* **THE RECORDS**:
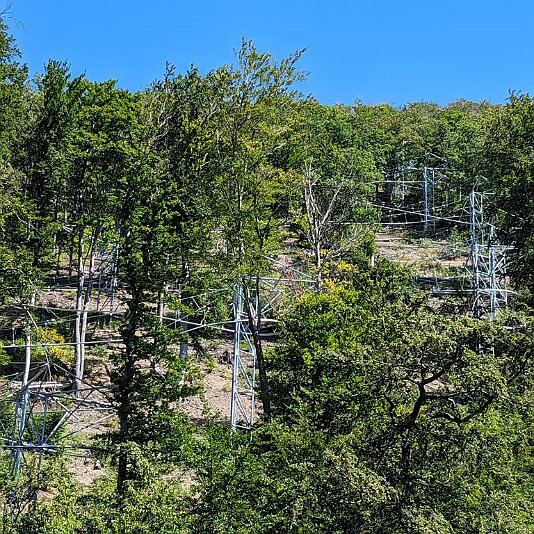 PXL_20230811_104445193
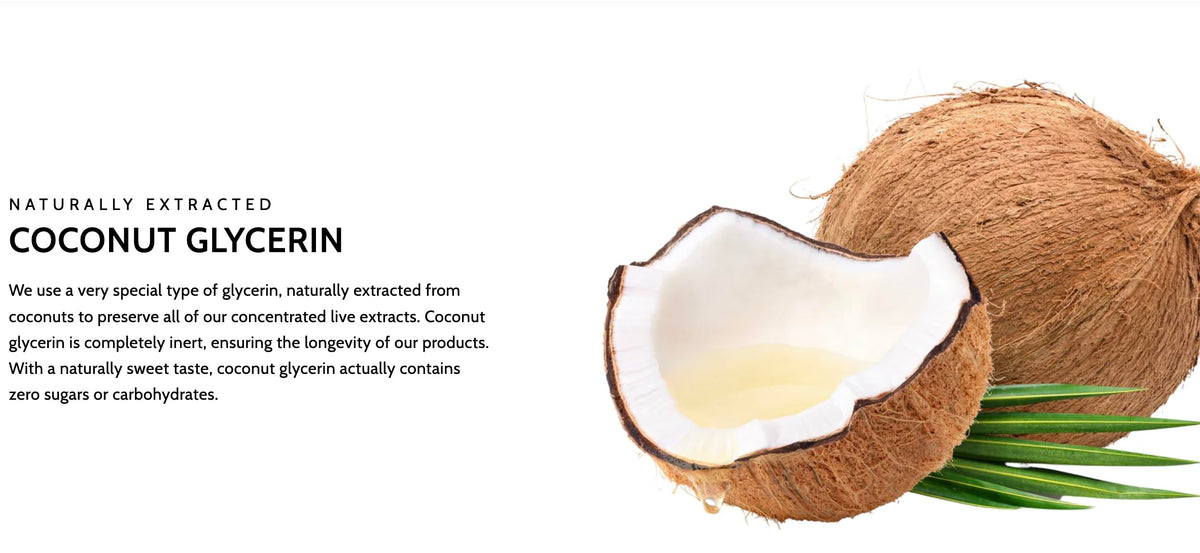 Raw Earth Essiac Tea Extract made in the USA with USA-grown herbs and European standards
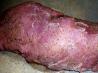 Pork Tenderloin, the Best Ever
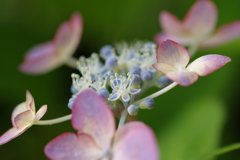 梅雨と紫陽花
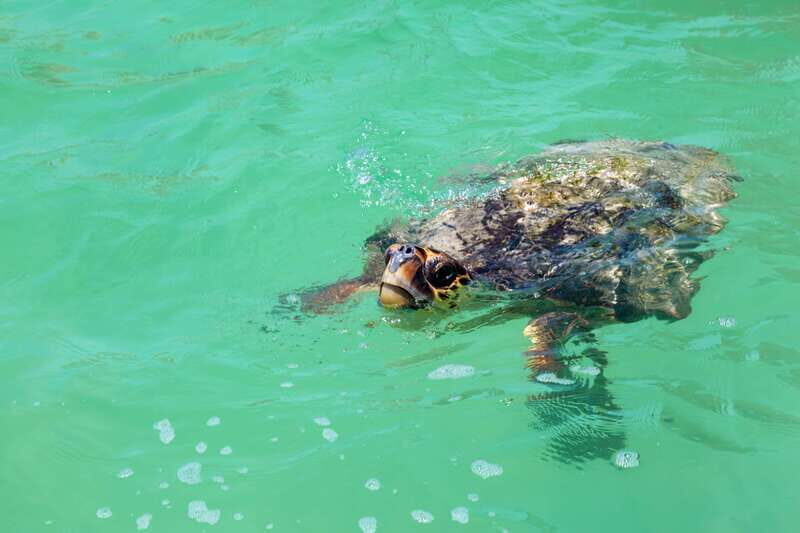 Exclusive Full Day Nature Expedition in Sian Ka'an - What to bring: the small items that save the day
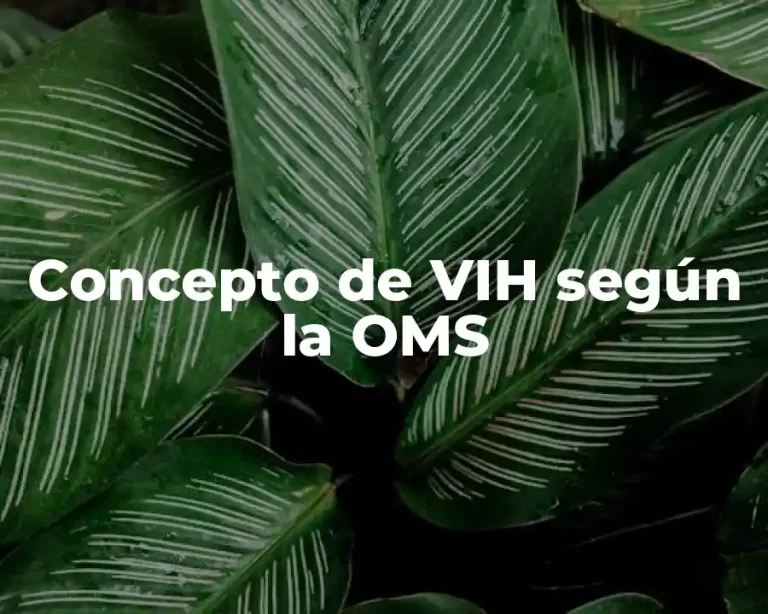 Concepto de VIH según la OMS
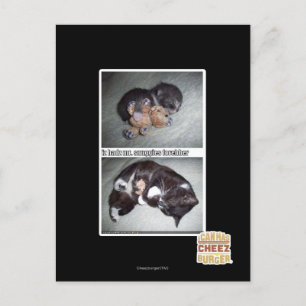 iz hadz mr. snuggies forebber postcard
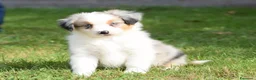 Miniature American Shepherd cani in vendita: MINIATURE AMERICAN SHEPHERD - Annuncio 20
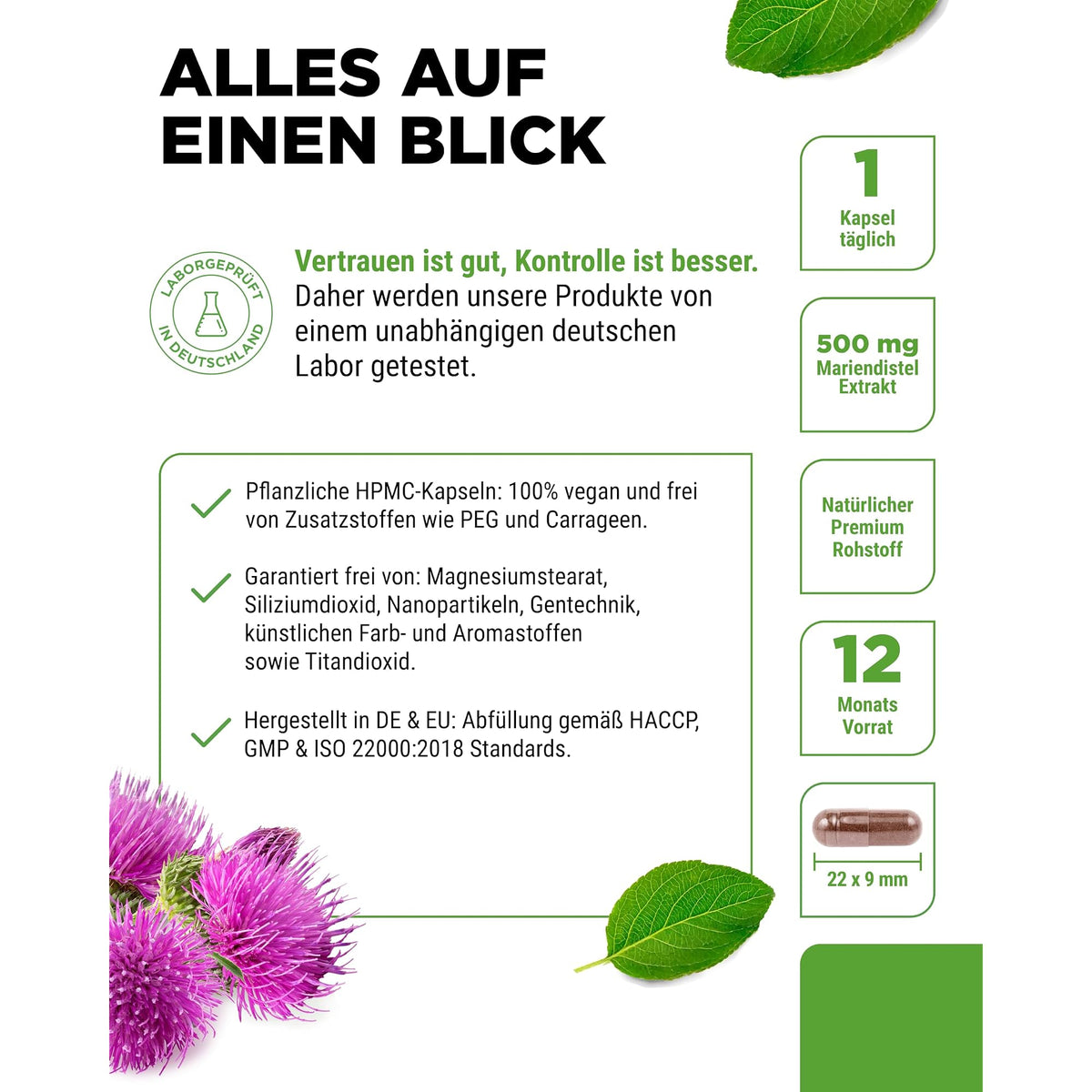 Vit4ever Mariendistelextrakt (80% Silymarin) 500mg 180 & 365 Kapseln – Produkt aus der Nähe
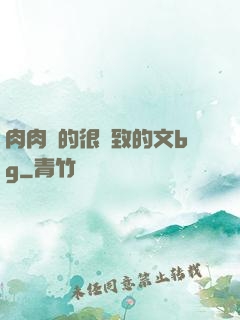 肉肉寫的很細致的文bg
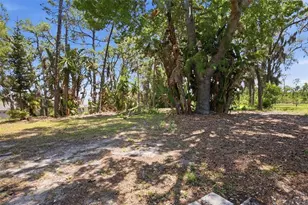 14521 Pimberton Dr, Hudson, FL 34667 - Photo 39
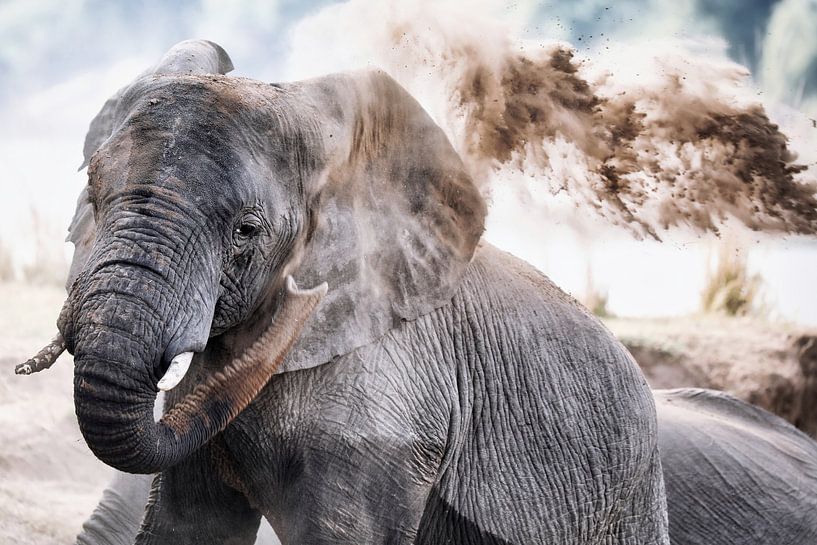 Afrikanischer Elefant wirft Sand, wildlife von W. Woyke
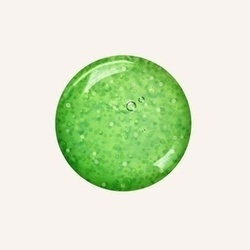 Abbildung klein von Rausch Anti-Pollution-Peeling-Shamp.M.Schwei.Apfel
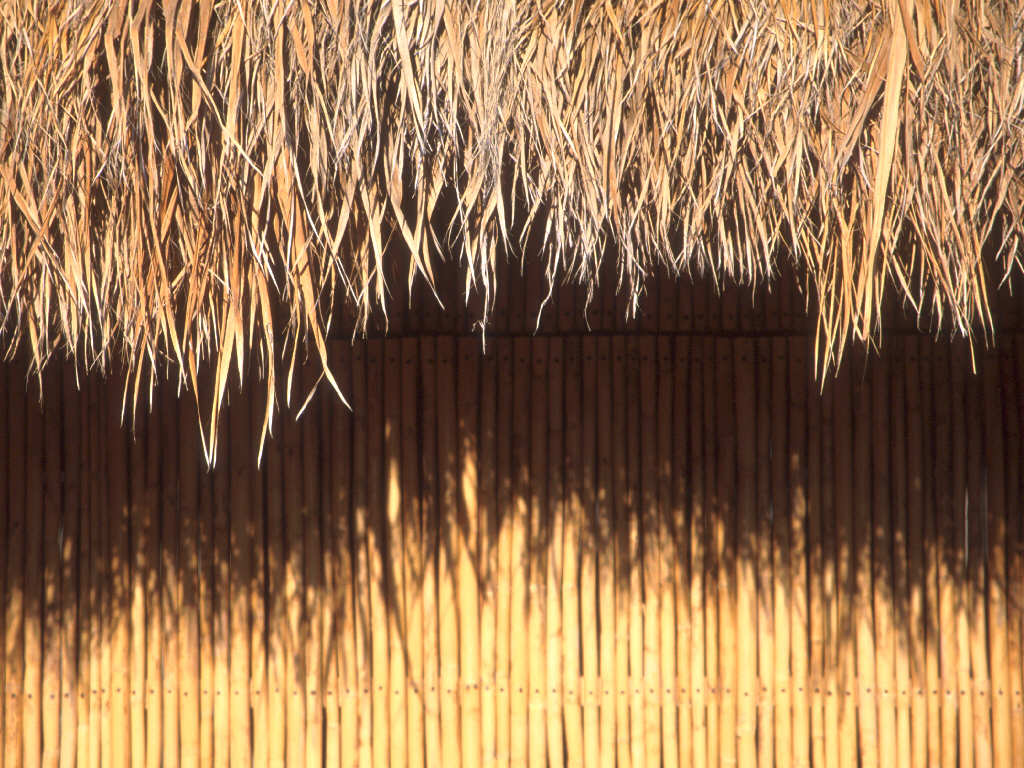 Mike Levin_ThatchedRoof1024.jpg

* **WHAT IS REQUIRED**: When you reach the line holding "Concepto de VIH según la OMS" in the listing above, begin retyping exactly, and stop once the line holding "Afrikanischer Elefant wirft" is done; pictures stay out.

* **REPLY**:
 Concepto de VIH según la OMS
 iz hadz mr. snuggies forebber postcard
 Miniature American Shepherd cani in vendita: MINIATURE AMERICAN SHEPHERD - Annuncio 20
 Vit4ever Mariendistelextrakt (80% Silymarin) 500mg 180 & 365 Kapseln – Produkt aus der Nähe
 肉肉寫的很細致的文bg
 14521 Pimberton Dr, Hudson, FL 34667 - Photo 39
 Afrikanischer Elefant wirft Sand, wildlife von W. Woyke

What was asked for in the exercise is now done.